Rather than leave it out, I added a status column which shows different statuses for intermediate hops (blue if the hop responds to less than 100% of probes and brown if it responds to 0%) vs the target hop (which show amber and red respectively).
Where this breaks down is when dealing with ECMP for UDP & TCP tracing, as a given hop (ttl) may represent the target for a given round of tracing but not for the next. The mistake, imho, is to associate _any_ data with a hop (ttl) rather than the hop in the context of a tracing flow.
That is why Trippy had a number of features aimed at helping with ECMP, such as Paris and Dublin tracing, and the ability to filter tracing by unique flow id. I've covered these quite a bit in the 0.8.0 [0] and 0.9.0 [1] release notes if you want to know more.
[0] https://github.com/fujiapple852/trippy/releases/tag/0.8.0
[1] https://github.com/fujiapple852/trippy/releases/tag/0.9.0
If the packet loss starts at your wifi router, or your ISPs router. Or the next hop after you ISP. That all gives you a bit of an idea where the problem likely is. I solve problems like that all the time.
It also mentions that isolated hops that show increased latency or loss are most likely throttling on the device. However, if that latency or loss persists on further hops, that indicates a problem.
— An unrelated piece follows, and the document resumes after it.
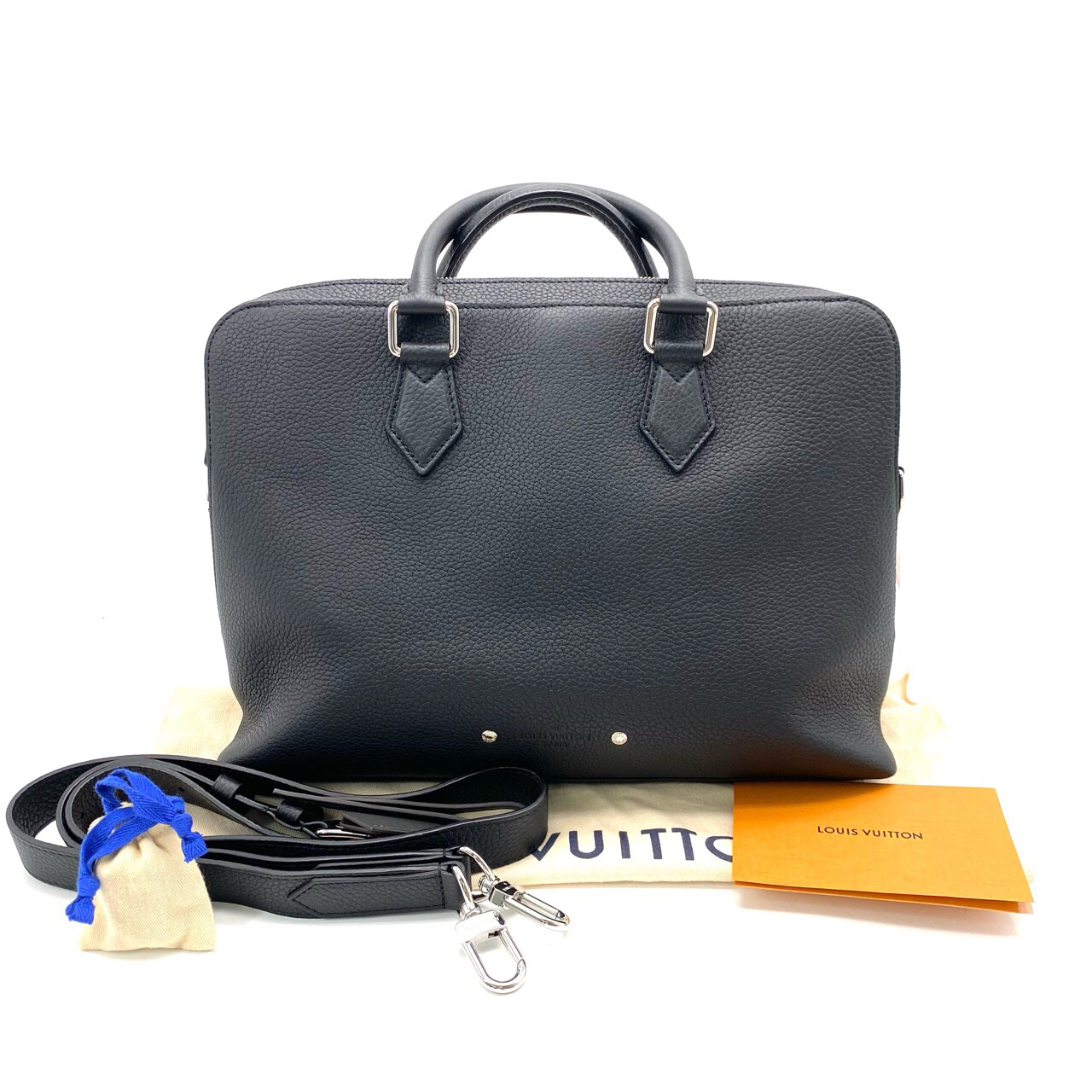 99新 LouisVuitton/路易威登 闲置品LV黑色全皮公文包尺寸36/27
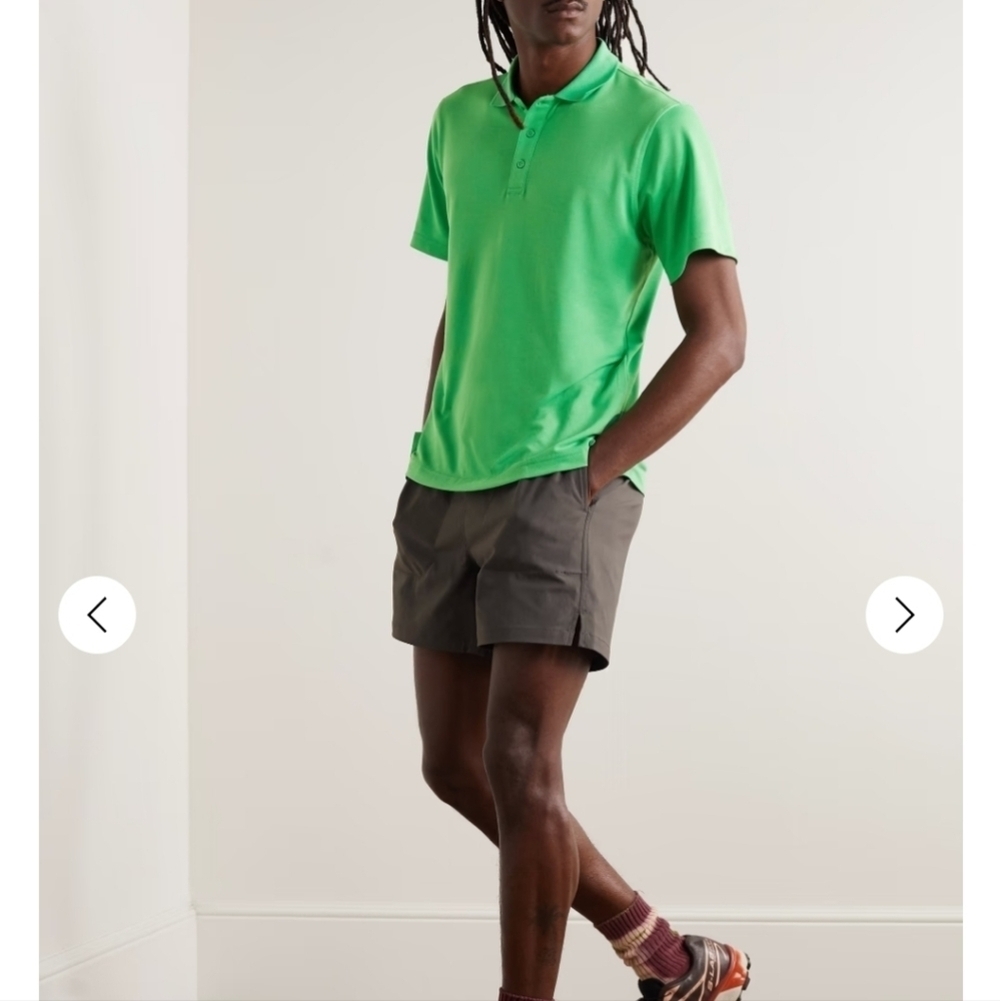 OUTDOOR‎ VOICES, Birdie Recycled-Piqué Polo Shirt, Kelly Green, Size XS - Picture 4 of 9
Another issue with traceroutes is that is usually doesn't account for asymmetry in the return path. What I would find interesting to see is something like isoping/splitping (see this blog post https://blog.benjojo.co.uk/post/ping-with-loss-latency-split), to account for that asymmetry.
Regarding the tool trippy itself: awesome visualizations!
The only way to reliably isolate packet loss to a hop on the path is to have a destination for testing where packets pass through that hop and is in its bailiwick which doesn't perform rate limiting or policing of ICMP traffic.
I like to always say that traceroute gives you the approximate path a packet will take, whereas ping is for end to end measurement and loss. I'm personally not a big fan of combining the two tools.
Being able to indicate cascading loss (e.g. path A->B->C->D) shows loss at B, C, and D, is worth bubbling up to the user to say there might be real issues. Also any indication of loss at D is also an issue. Trying to reconcile these scenarios with the UI matters, but I don't think there's an easy way. What I think is more important than UI that is sorely needed is documentation / users guide explaining how to read and understand these indicators. I know documentation is usually overlooked by users first trying out a program, but having it documented and explained can be used as a reference to point to a user that is misunderstanding the tool. I found that MTR didn't have this much needed documentation / reference that people would easily misunderstand the tool and it was a herculean effort to correct them.
I would also like to point out that a 0% loss indicator at the destination isn't reliable either if the packets are spaced out with enough slack. One of my goto when testing packet loss of a link I've brought up is to smash a destination host with a ping flood, e.g. ping -c 100 -f 1.1.1.1. By inundating the link it helps provide a clear indicator if there is loss somewhere on the path (usually the first mile or the last). Cloudflare speedtest now has a packet loss tester that floods 1000 packets, although I'm not sure if it does it over an unreliable transport or not.
Regarding sending a ping flood, Trippy allow you to reduce the minimum and maximum round time (and grace period) to send packets almost as fast as you like. For example, to send at 50ms intervals (with a 10ms grace period):
> trip example.com -i 50ms -T 50ms -g 10ms
If D has 1% loss and B and C have 50%, is it fair to say A=0, B=1%, C=1%, D=1%?
MTR display of loss is indeed confusing, but when weird things are going on it can be helpful just stare at it a while to see what's going on. Trippy looks fantastic, and I need to play with it, but there are cases where I just want to stare at the path loss for a while.
There's no way to influence the TTL on TTL timed-out responses, is there? That'd be pretty cool if there were some way to get the return path of the intermediaries to reply.